Harcèlement : un enfer pavé de bonnes intentions

Vie des entreprises | Chronique juridique | publié le : 01.03.2012 | Jean-Emmanuel Ray

En créant le harcèlement moral et la santé mentale, la loi du 17 janvier 2002 voulait encadrer le pouvoir de direction du chef d’entreprise, après les lois de 1982 et de 1992 visant le pouvoir disciplinaire. Si l’on y ajoute l’obligation de sécurité de résultat découverte par la jurisprudence un mois plus tard avec les arrêts amiante, c’est, de ce point de vue, un succès total.

Dans notre société de la réputation, sur des sujets aussi sensibles, aucun employeur ne souhaite faire la une ou se retrouver devant un juge prud’homal, voire pénal. Au-delà des quelques cadres caractériels ou pervers décrits en 1998 par, les initiateurs de la loi de 2002 n’avaient pas imaginé qu’elle aurait un tel impact. Si cette révolution légale et jurisprudentielle n’est évidemment pas intervenue par hasard, elle a aussi de solides effets pervers : instrumentalisation et guerre de tous contre tous.

SURCHARGE, DÉBORDEMENT ET HARCÈLEMENT PROFESSIONNEL

Il n’est pas surprenant que l’affaissement de notre secteur secondaire conduise à une réduction des risques physiques, et la croissance de l’immatériel à l’augmentation des questions de santé mentale. Avec, dans de grandes entreprises en particulier, des surcharges devenues structurelles, un sentiment d’urgence permanente et donc de travail bâclé, des cadres dotés d’un bureau mobile conduisant à un harcèlement par courriel permanent, le tout dans un mouvement brownien associant augmentation des objectifs et changements fréquents de direction sans que les collaborateurs n’en voient toujours le sens.

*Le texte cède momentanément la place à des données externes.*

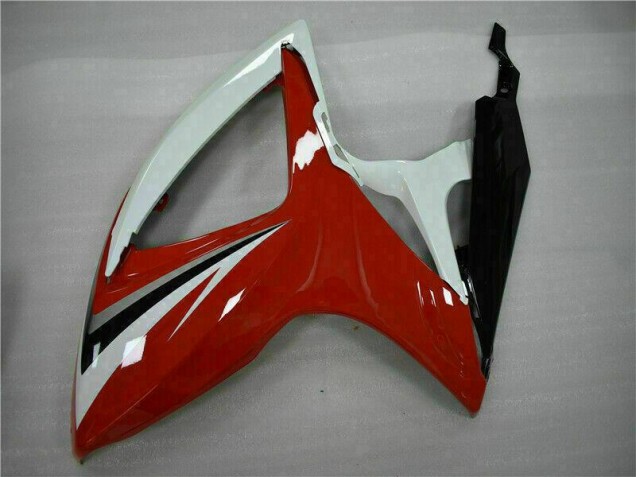 Carénages Suzuki GSXR 600 / 750 K6 06-07 - Rouge Blanc Carénages Suzuki GSXR 600 / 750 K6 06-07 - Rouge Blanc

Placée sous le signe de l’urgence et de la compétition, notre époque met la pression sur des salariés qui en ont souvent « plein le dos » et finissent par « péter les plombs ». Il n’est donc pas étonnant qu’entre victimisation, surpression et submersion, les prud’hommes soient systématiquement saisis de harcèlements immoraux et que plus de 200 pourvois parviennent chaque année à la Cour de cassation.

DÉFINITION PANORAMIQUE ET RÉGIME PROBATOIRE TRÈS ATTRACTIF

Dans sa décision du 12 janvier 2002, le Conseil constitutionnel avait courageusement adopté deux « strictes réserves d’interprétation », politiquement très incorrectes à notre époque où le législateur, français et communautaire, estime que le droit probatoire est une matière technique qu’il peut tripatouiller à son gré.

1. Sur le plan pénal : « Ces règles ne sauraient avoir pour objet ou pour effet de porter atteinte au principe de présomption d’innocence. » Cela va mieux en le disant.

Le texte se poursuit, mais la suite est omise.